A Magnum For Schneider aired as part of ITV’s Armchair Theatre series and marks the first appearance of Edward Woodward as David Callan, a burnt-out assassin forcibly retired and now working as a clerk in a bookkeepers office. James Mitchell’s script undercuts the 60s’ trend for glamorous spies by presenting a drab, conflicted, lonely man. Callan is recalled by his former handler Hunter (Ronald Radd) to carry out a hit on a German arms dealer but it’s a rush job, with no back-up, and the police are watching the target.

Hunter runs SIS, an intelligence unit specialising in removing potential threats using a variety of underhand methods. Schneider (Joseph Furst) is a red file case, meaning he’s marked for death. Hunter’s right-hand man Toby Meres, played by Peter Bowles, an actor who specialises in cads and bounders and whom I once saw give a director a bollocking during an LFF Q&A, wants to carry out the hit himself. However Hunter wants to find out if Callan has really gone “soft.” The worst thing a man can be in this game. If Callan can kill Schneider then he can invited back into the fold. If he fails then he’s no longer a problem. Either outcome is acceptable.

Hunter chose Callan for the hit because he works in the same building as Schneider.

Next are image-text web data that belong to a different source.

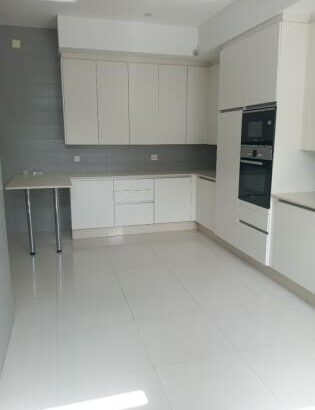 VENDO MORADIA DÚPLEX T-4 (3 SUITES*)
2 SALAS, PISCINA, DEPENDÊNCIA, 
COZINHA MODERNA AMPLA EQUIPADA, TRIUNFO 2 AO VALOR DE 25.000.000 MTS NEGÓCIAVEL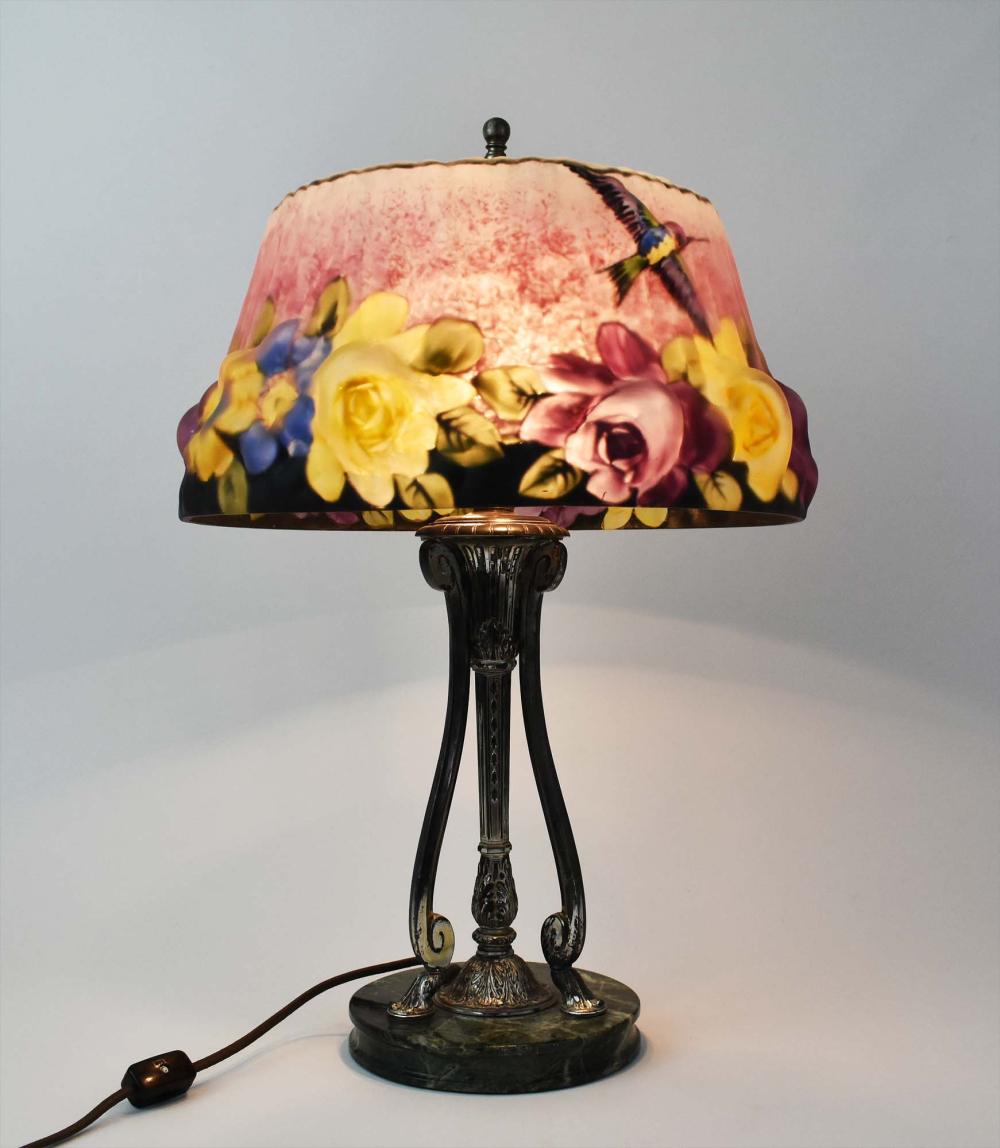 Appraisal: PAIRPOINT PAINTED PUFFY HUMMINGBIRD GLASS TABLE LAMP - The shade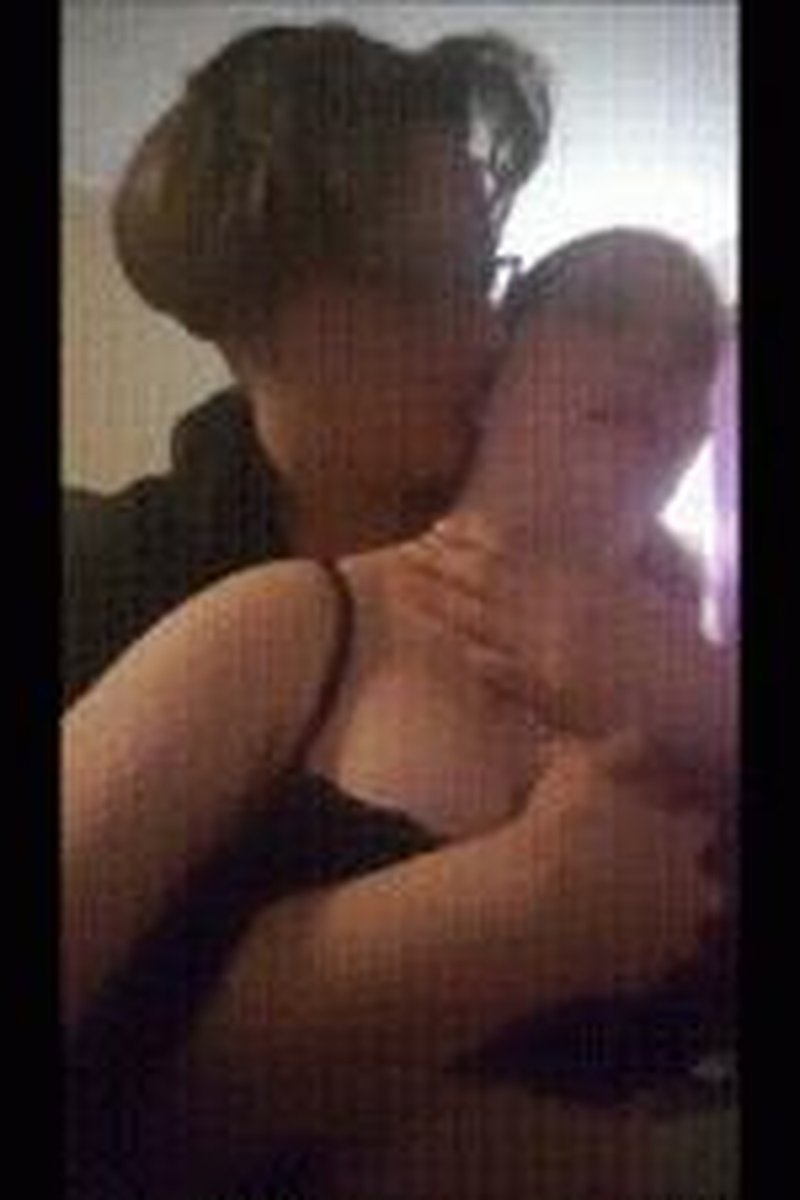 Exploring Second Base - Screenshot 1 of 4 - Amateur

In fact Hunter implies he got Callan the job at the bookkeepers so he would already be in place when the time came to eliminate Schneider. Callan contrives to stumble into Schneider on the stairs knocking the box he’s carrying and sending its contents to the floor. Callan picks up a model soldier and correctly identifies its regiment. Schneider’s annoyance quickly gives way to delight at meeting somebody who may share his hobby and he allows Callan into his office to show off his toys. They bond over their military backgrounds and shared love of history. Though Schneider emphasises he only plays at war these days. “I do not care for blood Mr Callan. Not any more.”

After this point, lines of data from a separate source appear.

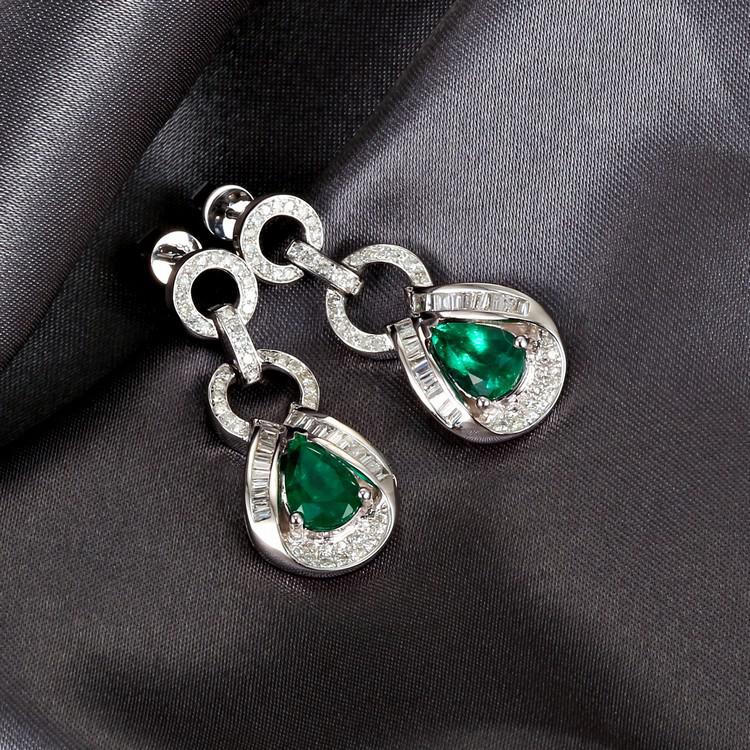 Zlaté smaragdové náušnice Delicia 6983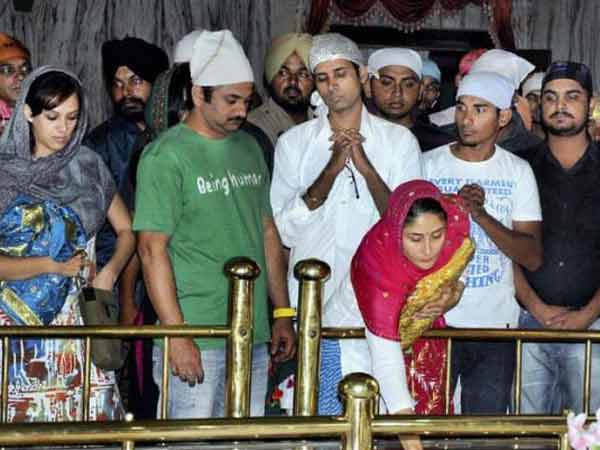 Kareena's Candid Moments Kareena's Candid Moments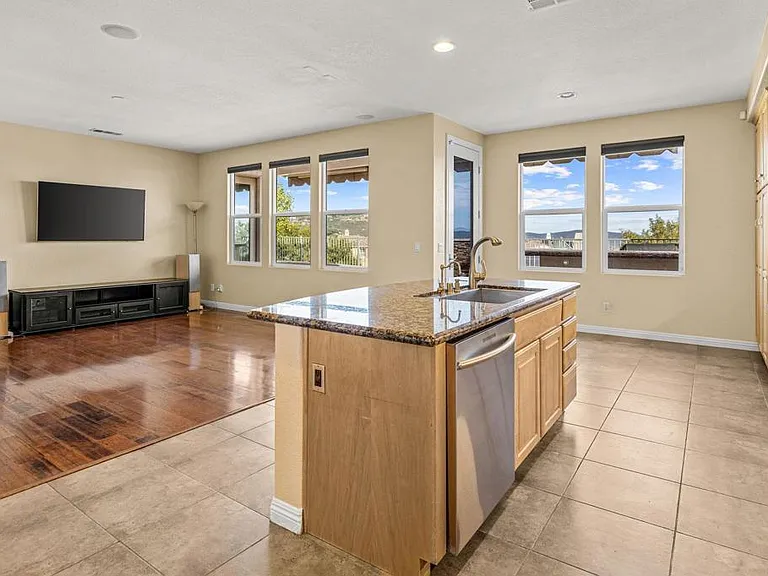 851 Antilla Way — Photo 12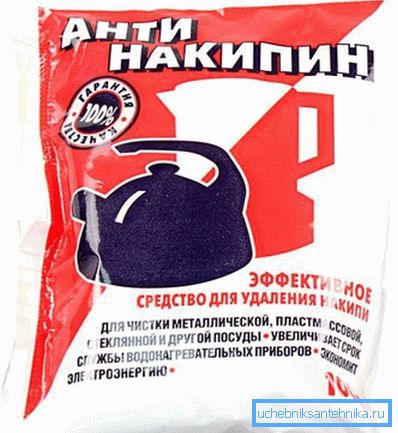 Používejte čistící prostředek, další jednoduchou možností je prostá kyselina citronová.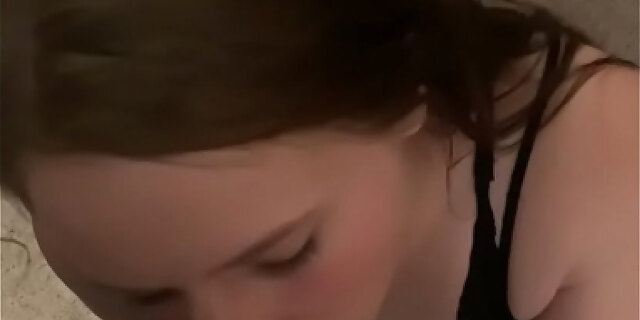 amateur,blowjob,cuckold,wife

Though these two old soldiers have much in common they are also complete opposites. Callan is taciturn and sad. Schneider outgoing and friendly. He even has a younger girlfriend, Jenny (Francesca Tu), who cares a great deal for him and knows all about his criminal activities. Callan’s only companion is a small-time criminal nicknamed Lonely (Russell Hunter) who helps him acquire a firearm. Though their relationship seems to develop over the course of the first season, here Callan bullies Lonely, making fun of his personal hygiene and threatening him.

You can feel the violence simmering under the surface with Callan. Woodward gives him a slightly hunched demeanour, and in his interactions with Hunter he speaks hesitantly, like he hasn’t spoken to anybody in months. When he breaks into Schneider’s flat and moves through it trying to evaluate the man’s life we hear his thoughts in voice-over, a drab Hamlet in an overcoat reflecting on whether or not he should make the kill. Schneider keeps a record of killings he’s been involved in hidden in a safe and Callan knows Schneider has to go.

Had A Magnum for Schneider remained a standalone play its bleak final scene would be the perfect ending. They have to walk that back in the season 1 opener The Good Ones Are All Dead which tells a variation on the same story, but this time with a less sympathetic antagonist, an unrepentant Nazi war criminal hiding in plain sight in London. Mitchell also gives Callan a tragic backstory, no doubt to make this embittered loner palatable to audiences more used to likeable heroes. I’m halfway through the surviving episodes from season 2 now. It’s filmed in monochrome with film inserts for location scenes and I cannot imagine how this downbeat show maintains the same feeling of despair when it switches to colour for its later seasons.